So I finally got around to reading the comics & thoughts on astronomy · 6:18pm May 11th, 2013
I'd been putting it off mainly because it looked like Mare Doloris would get jossed pretty savagely.
But now I have!
And it is pretty jossed. My uninhabited, inhospitable moonscape does not appear to have much in common with the way the ponies' moon is depicted in the comic.
For that matter, does their moon even have phases visible from the planet? I know they have pictures of crescent moons in art and cutie marks, but, as far as I can recall, whenever the moon is seen in the night sky it seems as if the whole disk is illuminated.* I guess this makes sense; if moonrise begins the night as sunrise begins the day, then wouldn't observers on the planet always see the face of the moon pointed directly at the sun? Actually, if it wasn't offset a bit, there'd be a permanent lunar eclipse (I suspect Luna would hate that.) But for this to happen, the planet can't be orbiting the sun with the moon orbiting the planet. The satellite would have to change position relative to the sun for planetary observers or it wouldn't be a moon at all, rather a dwarf planet in an orbit just a tiny bit wider than pony-earth's (but not gravitationally affecting each other) with a year of the exact same length, right?
Gah.
I can certainly see why some authors depict the pony system as a sort of geocentric orrery thingamajig, with a small "satellite sun" orbiting the planet opposite the moon.

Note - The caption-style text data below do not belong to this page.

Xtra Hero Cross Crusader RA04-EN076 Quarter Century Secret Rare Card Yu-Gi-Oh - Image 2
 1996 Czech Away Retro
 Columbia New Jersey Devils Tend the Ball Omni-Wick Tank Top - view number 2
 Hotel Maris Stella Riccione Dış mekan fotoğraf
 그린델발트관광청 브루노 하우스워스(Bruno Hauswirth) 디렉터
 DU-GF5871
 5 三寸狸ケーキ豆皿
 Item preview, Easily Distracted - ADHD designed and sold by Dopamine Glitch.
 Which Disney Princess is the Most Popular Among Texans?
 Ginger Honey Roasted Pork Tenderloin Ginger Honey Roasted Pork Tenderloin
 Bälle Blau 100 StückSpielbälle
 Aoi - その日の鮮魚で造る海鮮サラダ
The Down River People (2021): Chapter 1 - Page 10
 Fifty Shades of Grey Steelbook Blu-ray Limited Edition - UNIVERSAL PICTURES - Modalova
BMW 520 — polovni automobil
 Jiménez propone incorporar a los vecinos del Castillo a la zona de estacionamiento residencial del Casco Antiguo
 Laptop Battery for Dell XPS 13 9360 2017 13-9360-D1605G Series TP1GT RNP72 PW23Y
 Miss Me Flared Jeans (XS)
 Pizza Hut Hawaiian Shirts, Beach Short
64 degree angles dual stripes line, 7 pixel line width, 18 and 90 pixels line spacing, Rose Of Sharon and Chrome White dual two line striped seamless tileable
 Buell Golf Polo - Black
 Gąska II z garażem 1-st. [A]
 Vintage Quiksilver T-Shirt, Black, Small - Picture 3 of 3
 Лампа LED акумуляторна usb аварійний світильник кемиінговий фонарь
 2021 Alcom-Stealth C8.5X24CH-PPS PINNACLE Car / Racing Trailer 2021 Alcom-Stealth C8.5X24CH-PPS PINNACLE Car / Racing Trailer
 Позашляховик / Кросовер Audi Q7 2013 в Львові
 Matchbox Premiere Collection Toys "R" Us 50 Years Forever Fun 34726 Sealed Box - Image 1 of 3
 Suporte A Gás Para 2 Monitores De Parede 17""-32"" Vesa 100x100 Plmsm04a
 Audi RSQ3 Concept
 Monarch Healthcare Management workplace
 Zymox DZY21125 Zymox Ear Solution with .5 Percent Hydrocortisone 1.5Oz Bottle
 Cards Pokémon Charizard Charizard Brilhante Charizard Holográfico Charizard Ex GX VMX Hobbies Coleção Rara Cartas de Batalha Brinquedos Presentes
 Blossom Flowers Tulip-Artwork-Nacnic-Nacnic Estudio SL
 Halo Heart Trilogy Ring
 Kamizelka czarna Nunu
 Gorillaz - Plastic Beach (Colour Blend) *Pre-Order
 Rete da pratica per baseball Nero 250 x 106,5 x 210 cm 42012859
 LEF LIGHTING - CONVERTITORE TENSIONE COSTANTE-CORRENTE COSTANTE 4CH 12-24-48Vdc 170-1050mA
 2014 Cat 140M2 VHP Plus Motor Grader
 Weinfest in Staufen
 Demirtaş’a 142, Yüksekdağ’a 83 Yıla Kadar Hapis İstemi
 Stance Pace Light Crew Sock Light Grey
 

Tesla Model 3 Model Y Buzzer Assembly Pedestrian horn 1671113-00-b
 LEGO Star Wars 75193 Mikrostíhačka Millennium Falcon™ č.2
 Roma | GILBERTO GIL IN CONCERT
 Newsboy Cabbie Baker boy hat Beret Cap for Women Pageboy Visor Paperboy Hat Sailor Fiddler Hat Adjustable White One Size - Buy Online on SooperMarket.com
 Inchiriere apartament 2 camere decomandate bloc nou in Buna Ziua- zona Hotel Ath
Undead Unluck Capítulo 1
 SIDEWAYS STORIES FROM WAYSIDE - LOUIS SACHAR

Still, I will keep writing MD, and I will not attempt to bring it into continuity with the comics, astronomically or otherwise. Apologies for the >1 month wait between chapters.
*EDIT: Yes, actually, different phases of the moon are visible in the show. That the moon is never visible in the daytime is still crazy and hard to reconcile with even the caramel-hardness sciffy setting of MD, though.